It’s 10 a.m. on a typical Wednesday morning at Mikisew School in Cross Lake, MB. The students are in their classrooms, reading books or working on assignments. All except for the ones in Kerry Muswagon’s Cultural Awareness class.
Instead, these students are outside, across the road from the school, enjoying a bright fall day. Half the class is lined up behind a rope, practicing their archery skills, while the other half are busy tending the fire and cooking up some campfire tea. A few more are sitting off to the side, getting a lesson from Kerry on how to pluck a goose.
The students gravitate to Kerry, and you can tell they feel relaxed and trusting in his presence. It’s clear that teaching these skills is a passion and a gift that Kerry has.
His own skills and knowledge were passed on to him from his father, during their frequent trips into the bush together that were a feature of his childhood and adolescence, and continue to this day.
At our Youth Gathering in October, Kerry told the group how when he was younger, he used to wish he didn’t have to go with his father, that he could just stay home and hang out with his friends.

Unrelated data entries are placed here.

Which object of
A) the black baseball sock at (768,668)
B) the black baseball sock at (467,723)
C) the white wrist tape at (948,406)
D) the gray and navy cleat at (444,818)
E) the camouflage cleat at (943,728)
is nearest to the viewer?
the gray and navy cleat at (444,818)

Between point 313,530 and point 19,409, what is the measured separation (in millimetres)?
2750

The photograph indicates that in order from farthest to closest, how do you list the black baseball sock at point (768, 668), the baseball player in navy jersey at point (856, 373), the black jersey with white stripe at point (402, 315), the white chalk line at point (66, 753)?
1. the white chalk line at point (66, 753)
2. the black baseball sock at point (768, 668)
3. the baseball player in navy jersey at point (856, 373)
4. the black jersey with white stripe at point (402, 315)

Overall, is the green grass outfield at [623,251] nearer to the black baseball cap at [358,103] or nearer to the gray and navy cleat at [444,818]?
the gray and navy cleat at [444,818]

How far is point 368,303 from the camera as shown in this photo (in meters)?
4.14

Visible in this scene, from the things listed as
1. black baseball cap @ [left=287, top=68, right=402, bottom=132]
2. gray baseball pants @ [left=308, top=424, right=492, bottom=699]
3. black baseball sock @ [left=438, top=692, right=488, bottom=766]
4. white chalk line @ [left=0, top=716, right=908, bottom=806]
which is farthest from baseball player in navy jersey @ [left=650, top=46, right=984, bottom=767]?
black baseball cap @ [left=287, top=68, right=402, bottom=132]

“I said ‘Why do I have to learn this, why do I have to do this,’ that kind of thing,” Kerry recalls. “And I see that with the kids today at the school that I work in; ‘What is this, I don’t want to do this’.”
But today he is thankful for those experiences. “I really enjoy what I do now. I’m contributing, I’m sharing what I know, my knowledge.”
That afternoon, he taught us about moose hunting and moose behaviour, along with how to make fry bread and an incredible moose stew out of the simplest ingredients.
We all worked together to slice up the potatoes, onions and moose meat. The meat itself was a symbol of knowledge passing between generations; harvested earlier that fall by Michelle, Kerry’s 15-year-old daughter, while they were out hunting together. It was her first moose.
“Last year’s got away on her,” Kerry shared with a chuckle.
For Kerry though, having these skills is about more than putting good, nutritious food on the table for his family. “One of the things that I like about me going out in the bush is it’s peaceful. And sometimes we need to get out of the real world and get out there – it’s like my vacation when I can go out there.”
Sometimes it takes some learning about ourselves before we really know what is good for us. Luckily for the students at Mikisew, and thanks to Kerry and the school administration that sees the value in the learning, this path remains open to them even though they may not choose it today.